▶ [What the task requires]: Write out exactly, please, every line from the beginning of the entries to the line holding "Das Auffinden des Moses von Unknown", and no pictures.

▶ [Image-text web data]:

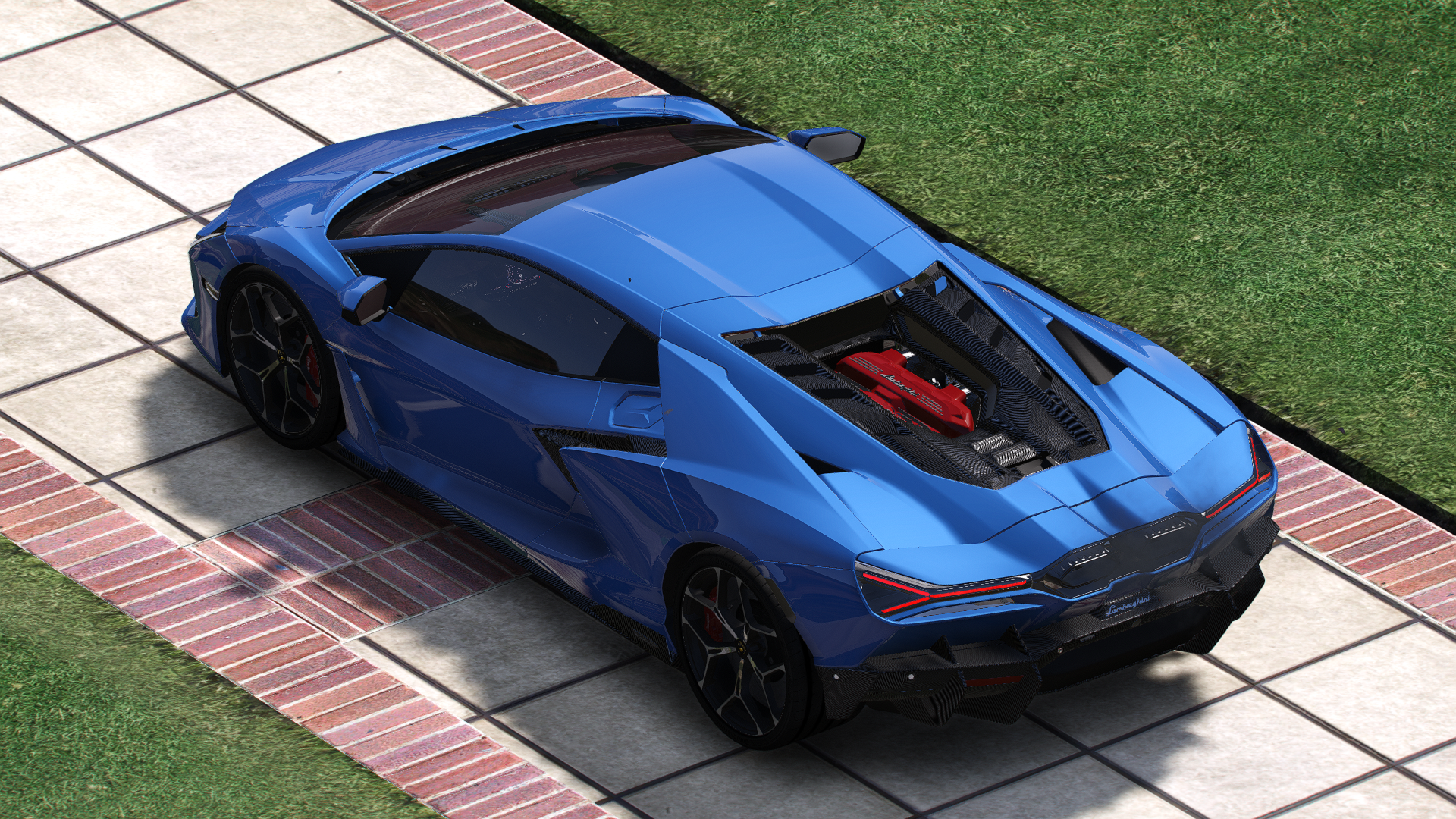 Lamborghini Revuelto 2024, Working Spoiler + HQ Interior + Exterior + Engine + Boot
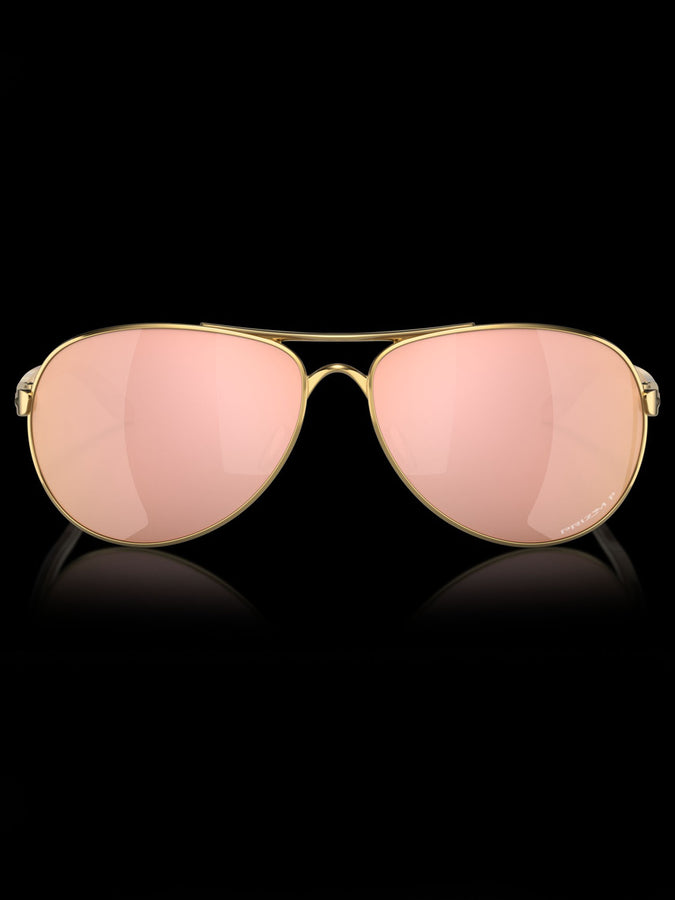 Oakley Feedback Pol Gold/Prizm Rose Gld Polarized Sunglasses | PLSH GLD/PRZM RSE GLD POL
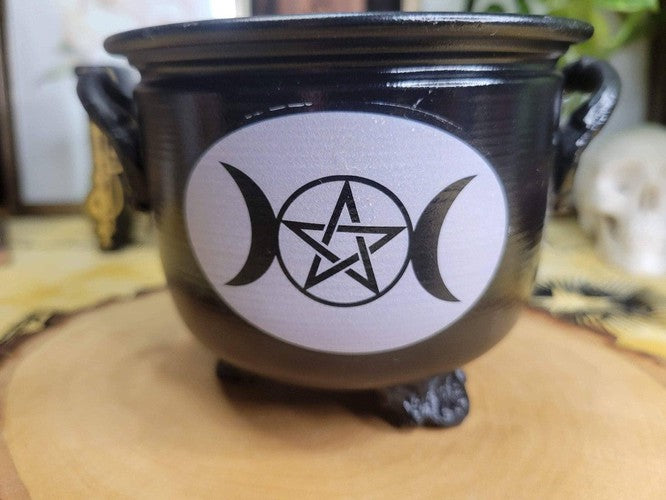 Triple Moon Pentagram Cauldron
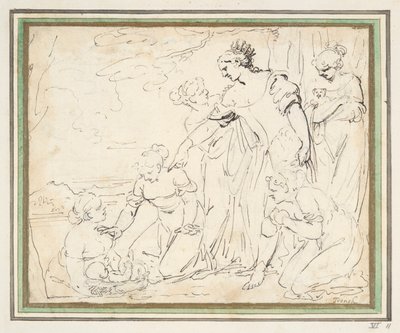 Das Auffinden des Moses von Unknown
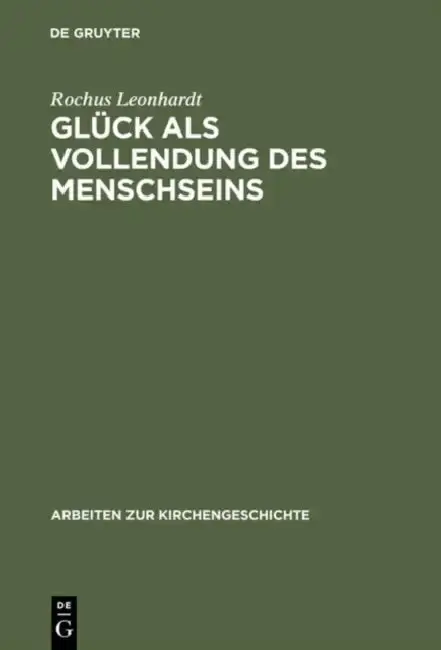 Cover of Glück als Vollendung des Menschseins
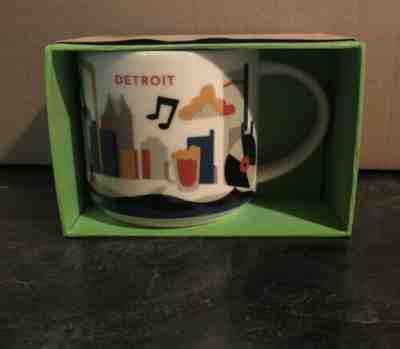 Starbucks You Are Here Coffee Mug Cup 14 Oz Detroit Michigan Edition - Sold on eBay Apr, 28th 2019 for $13.10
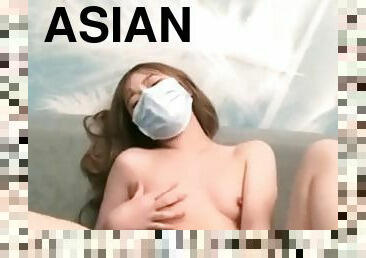 ázsiai, maszturbálás, anális, játékszer, japán, szólóban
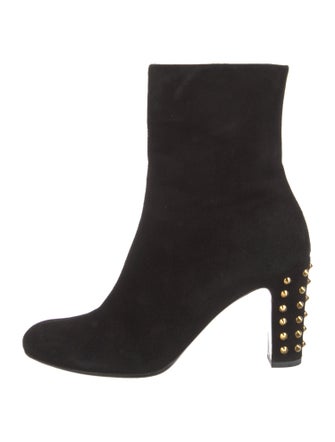 Gucci Suede Studded Accents Boots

▶ [Task solution]:
 Lamborghini Revuelto 2024, Working Spoiler + HQ Interior + Exterior + Engine + Boot
 Oakley Feedback Pol Gold/Prizm Rose Gld Polarized Sunglasses | PLSH GLD/PRZM RSE GLD POL
 Triple Moon Pentagram Cauldron
 Das Auffinden des Moses von Unknown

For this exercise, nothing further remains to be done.